O objetivo principal é garantir a reprodutibilidade e a segurança dos lotes destinados ao uso terapêutico. Dessa forma, a nova metodologia busca superar as limitações das classificações tradicionais aplicadas às cultivares de Cannabis.
Metodologia aplicada às cultivares de Cannabis
Para realizar o estudo, os pesquisadores utilizaram marcadores moleculares do tipo SSR (sequências simples repetidas) combinados com cromatografia líquida de alta eficiência (HPLC). O foco foi caracterizar três cultivares de Cannabis clonais distintas.
As amostras analisadas apresentavam alto teor de THC e foram fornecidas pela empresa SOMAI Pharmaceuticals. A análise visava aprofundar o entendimento sobre a composição exata dessas plantas para fins medicinais.
Diferenciação genética e química da cannabis
Os resultados demonstraram que, embora os perfis químicos dos canabinoides fossem semelhantes entre as cultivares de Cannabis — com THC superior a 80% após purificação —, a genética revelou diferenças exclusivas.
Marcadores específicos, como o ANUCS303 e o C11CANN1, permitiram a criação de uma diferenciação clara. Isso possibilitou estabelecer uma identidade única para cada planta analisada no estudo.
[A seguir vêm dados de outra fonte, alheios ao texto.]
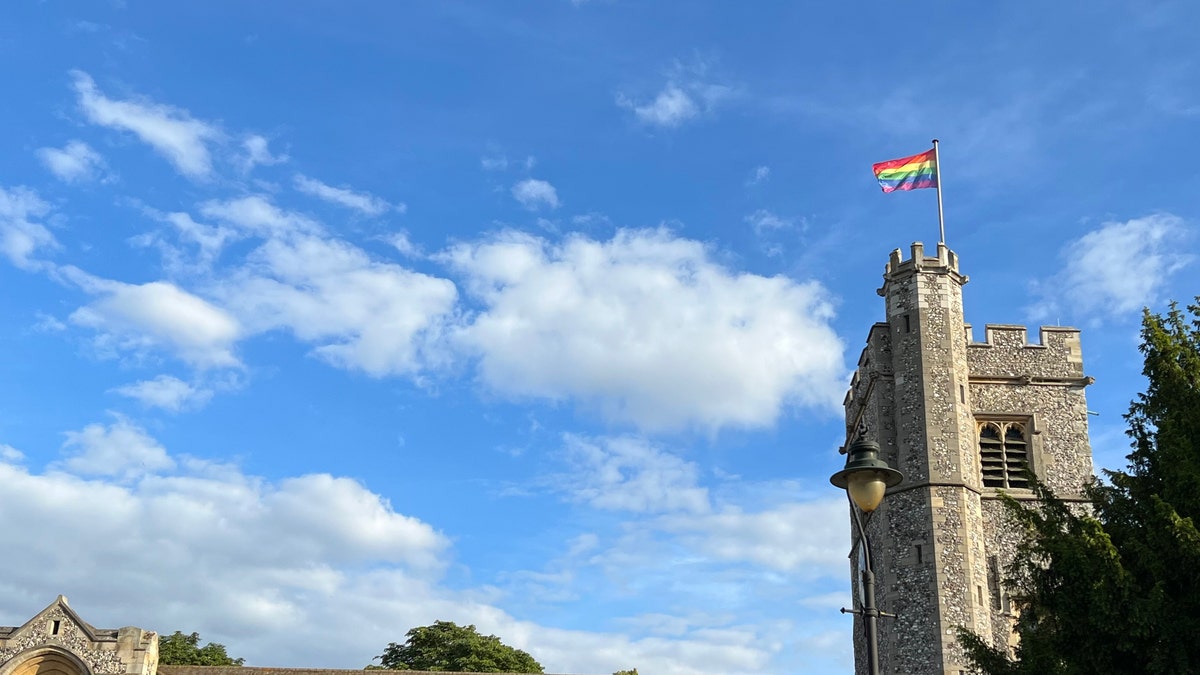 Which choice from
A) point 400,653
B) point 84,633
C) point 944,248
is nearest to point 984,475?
point 944,248

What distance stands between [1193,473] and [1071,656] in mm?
3171

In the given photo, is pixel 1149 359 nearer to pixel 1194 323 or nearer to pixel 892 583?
pixel 1194 323

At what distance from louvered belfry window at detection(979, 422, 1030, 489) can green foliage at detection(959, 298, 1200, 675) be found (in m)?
13.0

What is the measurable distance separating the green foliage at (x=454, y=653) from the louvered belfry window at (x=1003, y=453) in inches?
944

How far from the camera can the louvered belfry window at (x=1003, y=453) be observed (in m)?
32.8

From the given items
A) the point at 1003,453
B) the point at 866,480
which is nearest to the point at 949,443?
the point at 1003,453

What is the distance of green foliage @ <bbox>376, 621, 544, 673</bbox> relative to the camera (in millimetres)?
49625

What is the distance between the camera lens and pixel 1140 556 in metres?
17.4

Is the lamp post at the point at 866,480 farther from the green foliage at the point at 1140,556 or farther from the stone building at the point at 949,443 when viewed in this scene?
the stone building at the point at 949,443

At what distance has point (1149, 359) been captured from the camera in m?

Integração com a análise química e uso medicinal da cannabis
Enquanto o estudo da Scientific Reports foca na diferenciação geográfica e forense, outras pesquisas publicadas em 2026 expandem o uso da genética para garantir a segurança de pacientes. Um artigo recente do Journal of Cannabis Research aponta que a integração de marcadores genéticos com a análise química é essencial para a indústria farmacêutica.
Neste levantamento, cientistas conseguiram diferenciar cultivares clonais de alto teor de THC que, quimicamente, pareciam idênticas. O estudo reforça que confiar apenas na análise dos canabinoides (quimiotipo) não é suficiente para o controle de qualidade rigoroso.
Ao cruzar os dados de DNA (genótipo) com o perfil químico, cria-se uma "impressão digital de identidade" robusta. Essa metodologia dupla visa assegurar que lotes de medicamentos à base de cannabis mantenham sempre a mesma eficácia terapêutica, superando a variabilidade natural da planta que pode afetar o tratamento.
Importância da "impressão digital" das plantas de cannabis
O estudo alerta que rótulos comerciais muitas vezes falham em refletir a composição exata devido à alta heterozigosidade da espécie. A variabilidade genética pode influenciar a presença de canabinoides menores e impurezas nas cultivares de Cannabis.
Isso ocorre mesmo quando os componentes principais se apresentam de forma idêntica nos testes químicos padrão. Portanto, a validação da identidade genética, somada ao perfil químico, estabelece uma necessária "impressão digital de identidade".
A conclusão aponta que esta metodologia é fundamental para o setor. Ela assegura a equivalência terapêutica entre lotes e atende às rigorosas exigências regulatórias para medicamentos baseados em cultivares de Cannabis.